**Exercise prompt**
From the line that contains "非法捕捞水产品罪司法判定几个问题 非法捕捞水产品罪是行为犯吗" through the end of the records below, write out each line exactly as it appears, but not the pictures.

**Records**
::::
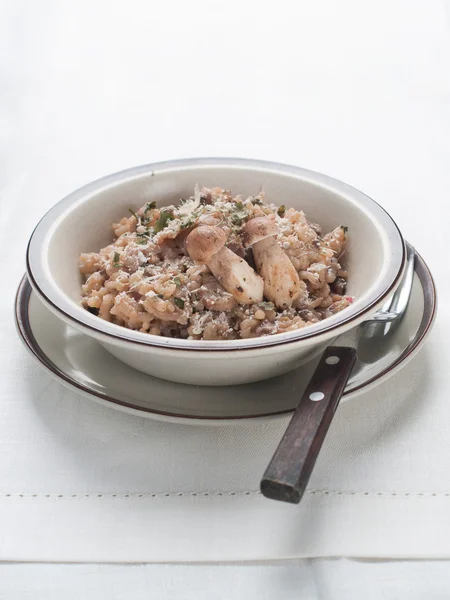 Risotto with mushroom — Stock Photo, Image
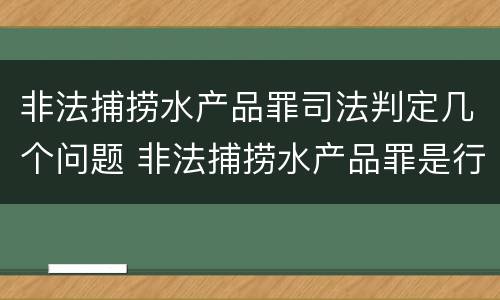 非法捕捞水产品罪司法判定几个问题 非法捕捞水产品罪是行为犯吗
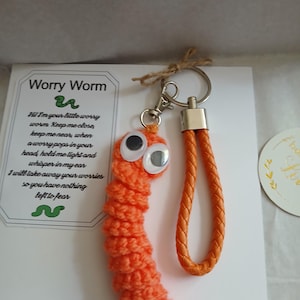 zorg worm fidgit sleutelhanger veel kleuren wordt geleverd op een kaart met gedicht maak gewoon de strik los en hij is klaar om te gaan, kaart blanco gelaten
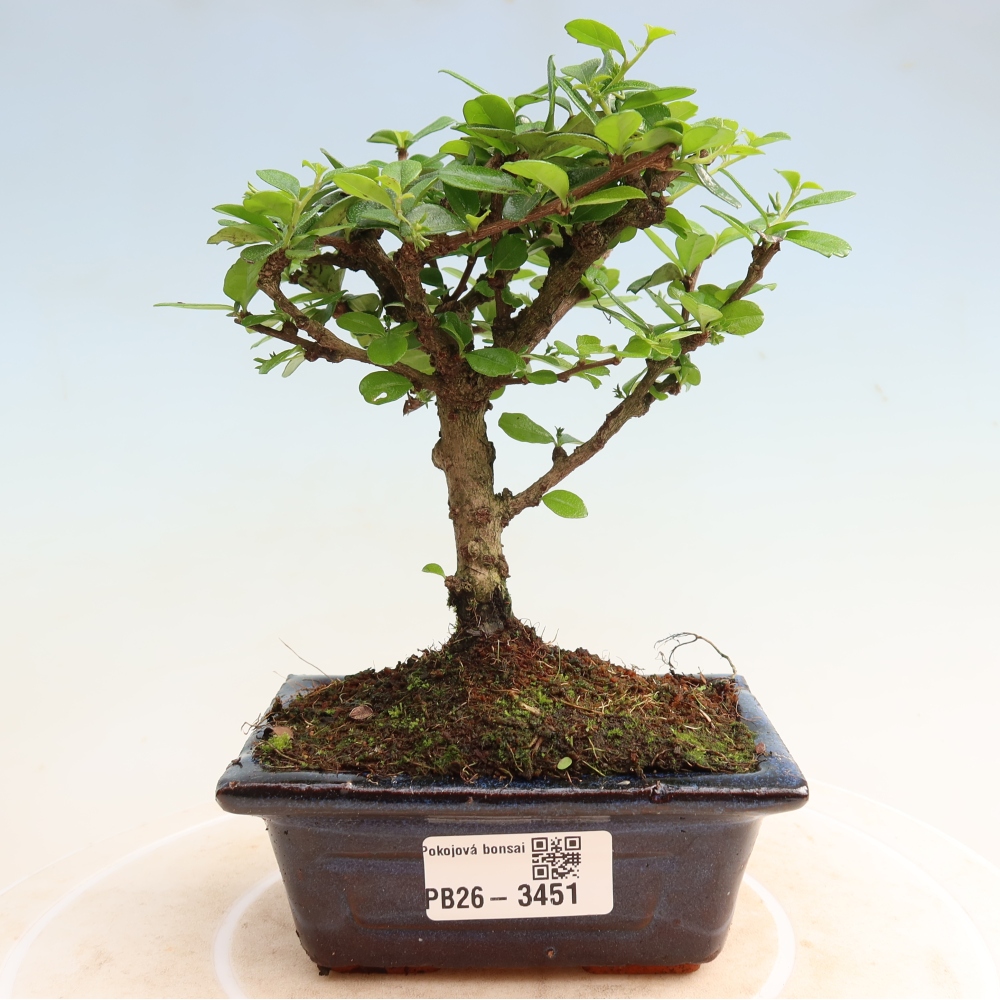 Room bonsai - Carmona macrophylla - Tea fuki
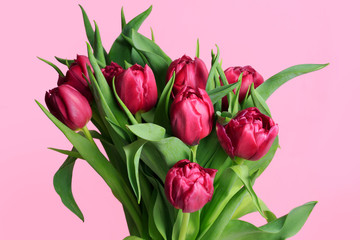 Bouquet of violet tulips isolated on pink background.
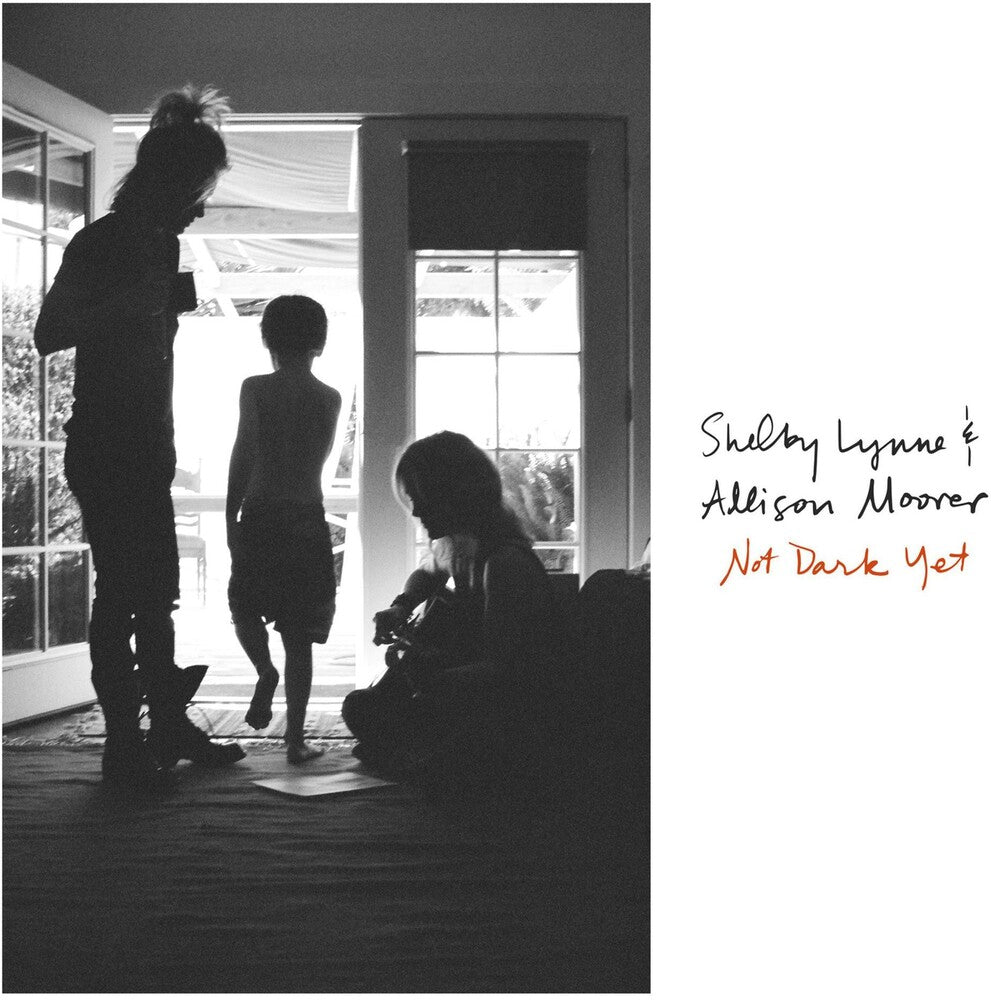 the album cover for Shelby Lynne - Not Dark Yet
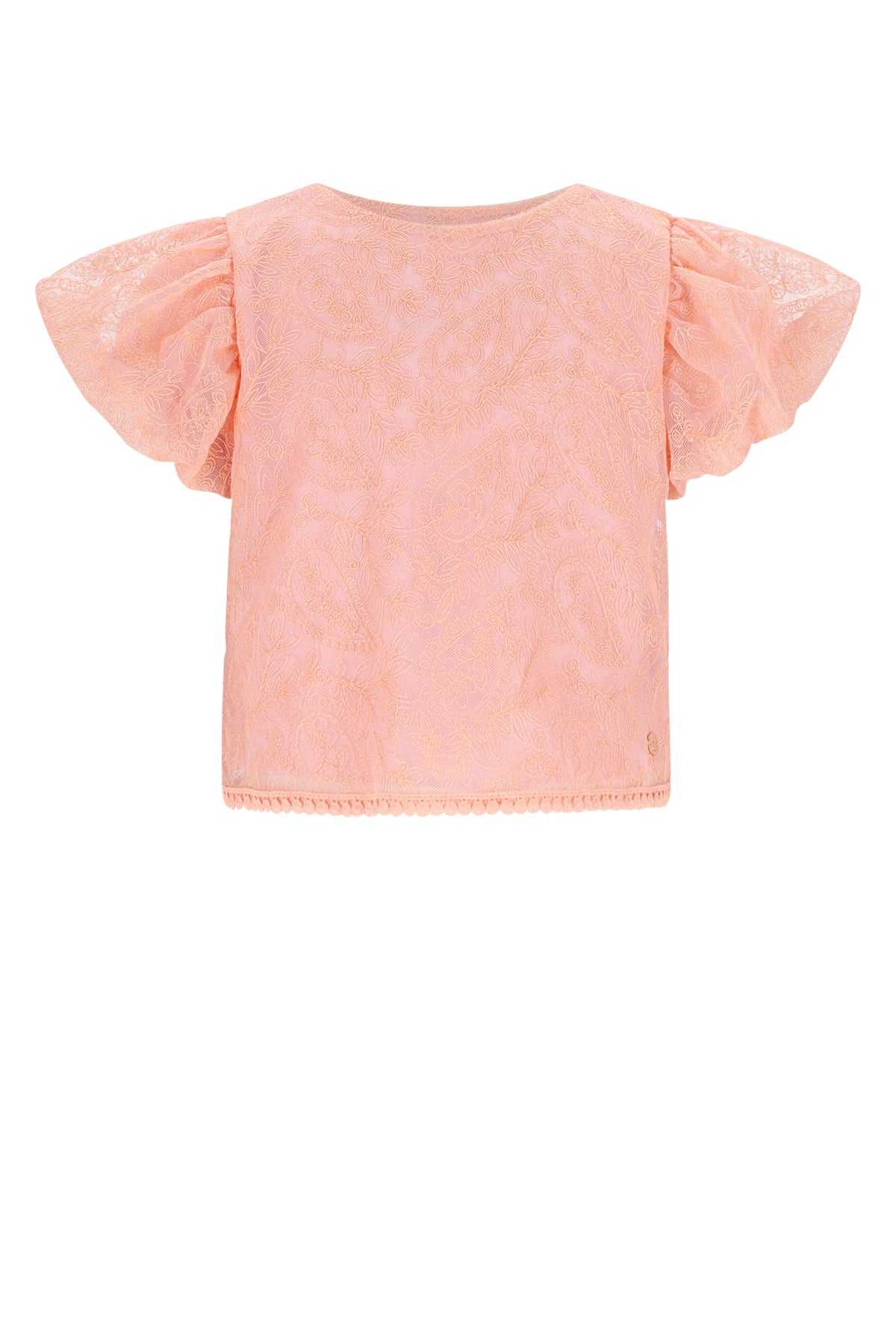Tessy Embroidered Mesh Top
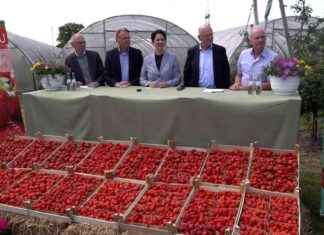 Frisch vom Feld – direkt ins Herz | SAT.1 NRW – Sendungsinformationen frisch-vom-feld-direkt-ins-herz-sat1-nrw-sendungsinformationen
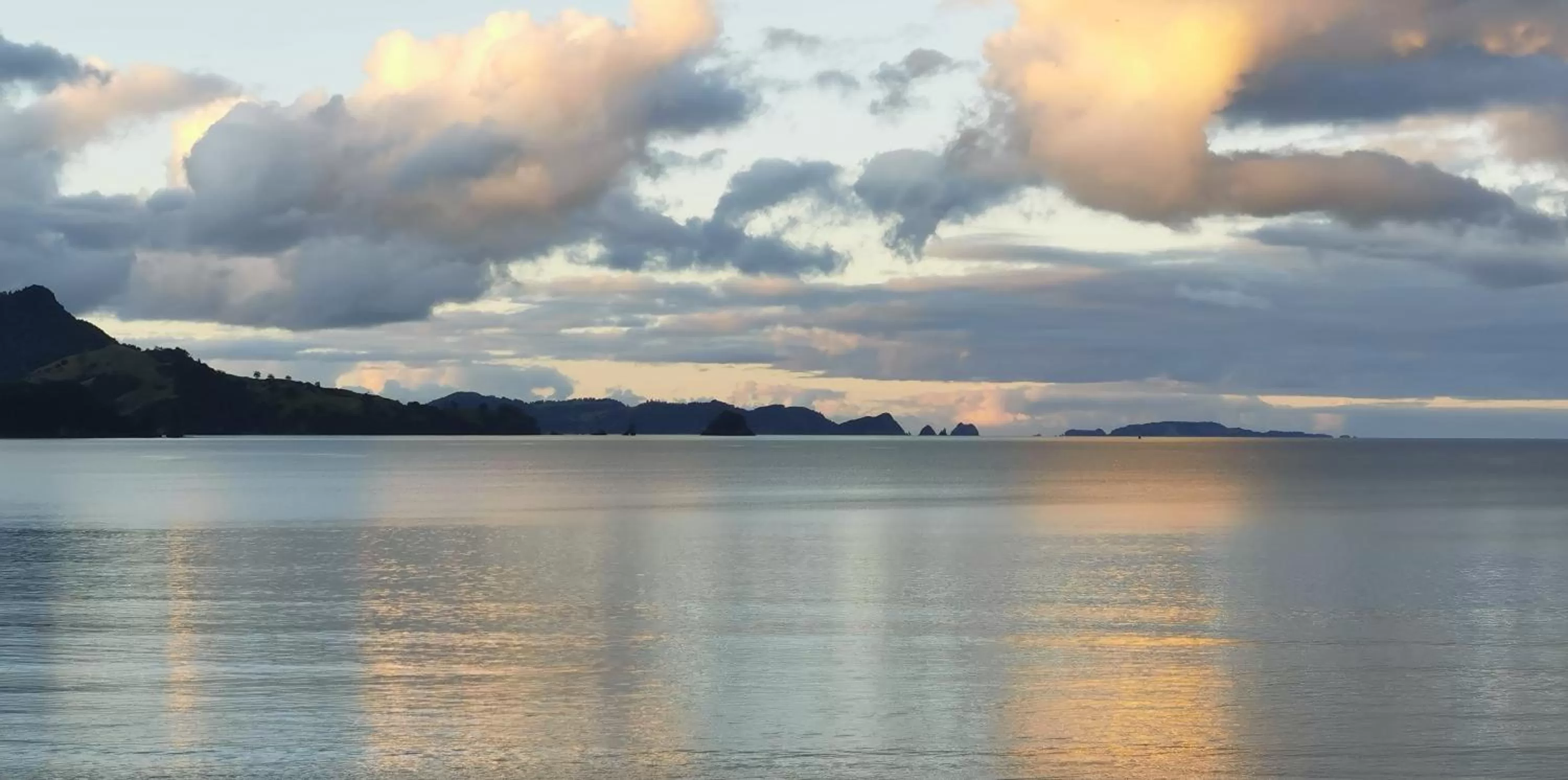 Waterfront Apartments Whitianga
::::
**Exercise solution**
 非法捕捞水产品罪司法判定几个问题 非法捕捞水产品罪是行为犯吗
 zorg worm fidgit sleutelhanger veel kleuren wordt geleverd op een kaart met gedicht maak gewoon de strik los en hij is klaar om te gaan, kaart blanco gelaten
 Room bonsai - Carmona macrophylla - Tea fuki
 Bouquet of violet tulips isolated on pink background.
 the album cover for Shelby Lynne - Not Dark Yet
Tessy Embroidered Mesh Top
 Frisch vom Feld – direkt ins Herz | SAT.1 NRW – Sendungsinformationen frisch-vom-feld-direkt-ins-herz-sat1-nrw-sendungsinformationen
 Waterfront Apartments Whitianga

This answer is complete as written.